- **MATERIAL FOR THIS EXERCISE**:
=== Section Start ===

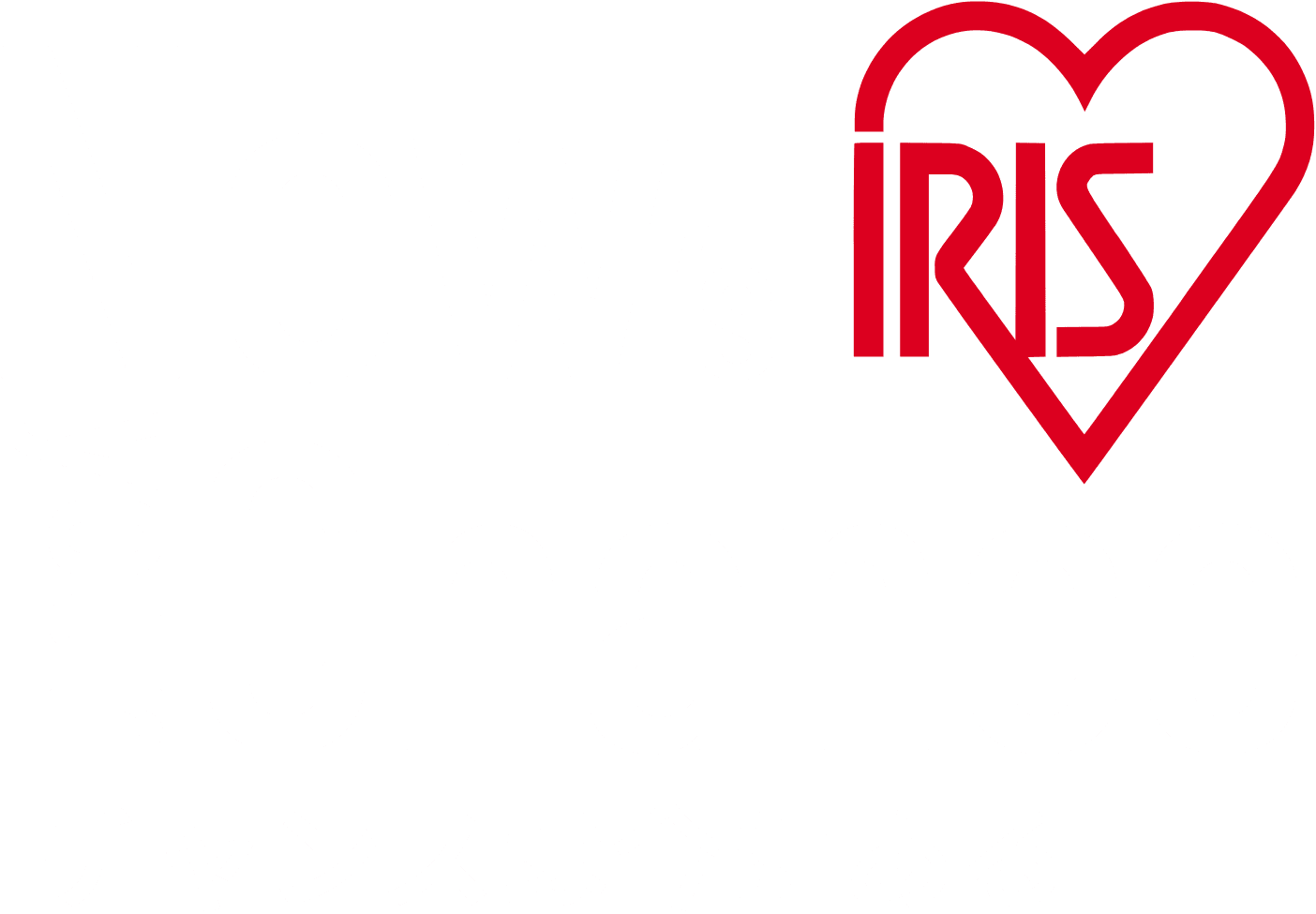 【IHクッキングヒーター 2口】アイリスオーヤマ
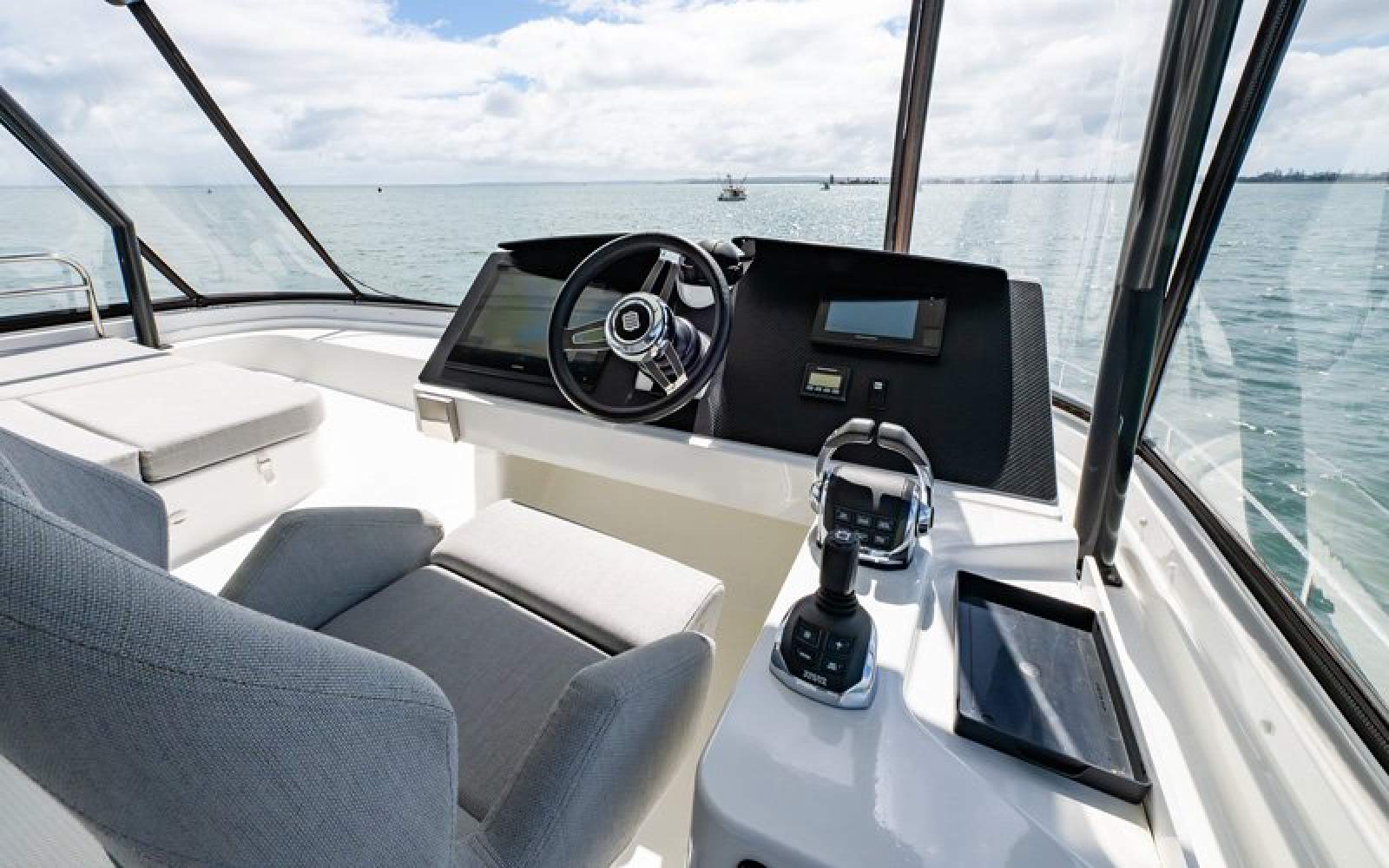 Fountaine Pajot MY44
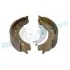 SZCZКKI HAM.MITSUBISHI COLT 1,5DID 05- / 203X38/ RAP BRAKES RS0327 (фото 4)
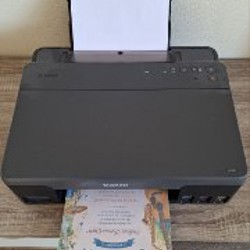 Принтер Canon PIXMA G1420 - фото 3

=== Section End ===
=== Section Start ===

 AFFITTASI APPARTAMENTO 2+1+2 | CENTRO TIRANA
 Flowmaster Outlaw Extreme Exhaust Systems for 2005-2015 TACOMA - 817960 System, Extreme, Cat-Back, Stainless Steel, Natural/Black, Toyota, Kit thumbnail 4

=== Section End ===

Copy nothing but the lines above that run from the one with "SZCZКKI HAM.MITSUBISHI COLT" to the one with "Принтер Canon PIXMA G1420 - фото 3", ends included; pictures stay out.

- **ANSWER SPACE**:
 SZCZКKI HAM.MITSUBISHI COLT 1,5DID 05- / 203X38/ RAP BRAKES RS0327 (фото 4)
 Принтер Canon PIXMA G1420 - фото 3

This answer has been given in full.